— DATASET CONTENT —
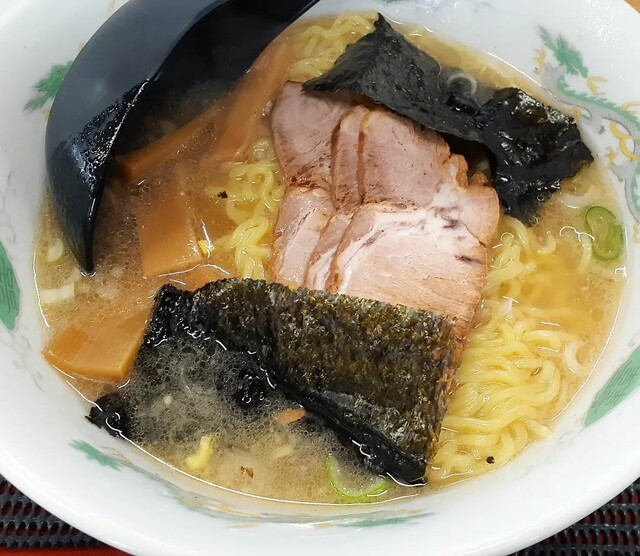 らーめん賢 - 陸中折居（ラーメン）の写真
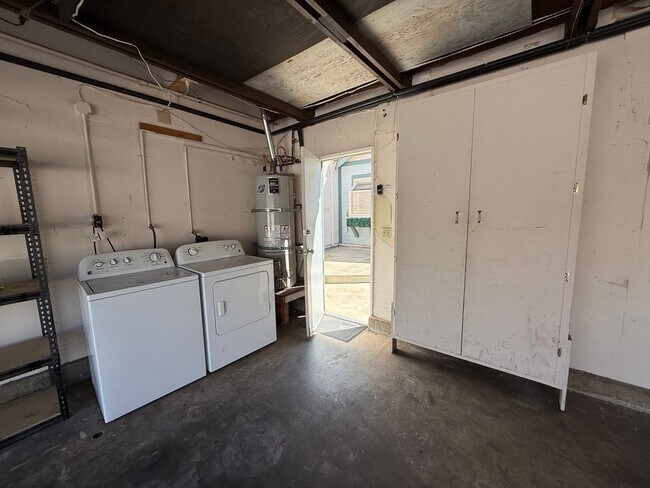 Building Photo - Charming Single-Level Townhome in Cape Concord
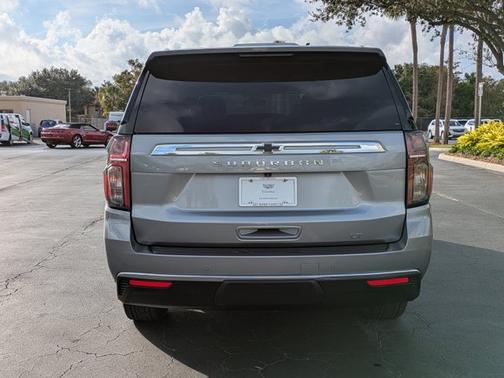 2024 Chevrolet Suburban LT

— EXERCISE REQUIREMENTS —
Every line from the one holding "Building Photo - Charming" to the last line of the listing above, inclusive, must appear exactly as written, and no picture may appear.

— REPLY TO THE EXERCISE —
 Building Photo - Charming Single-Level Townhome in Cape Concord
 2024 Chevrolet Suburban LT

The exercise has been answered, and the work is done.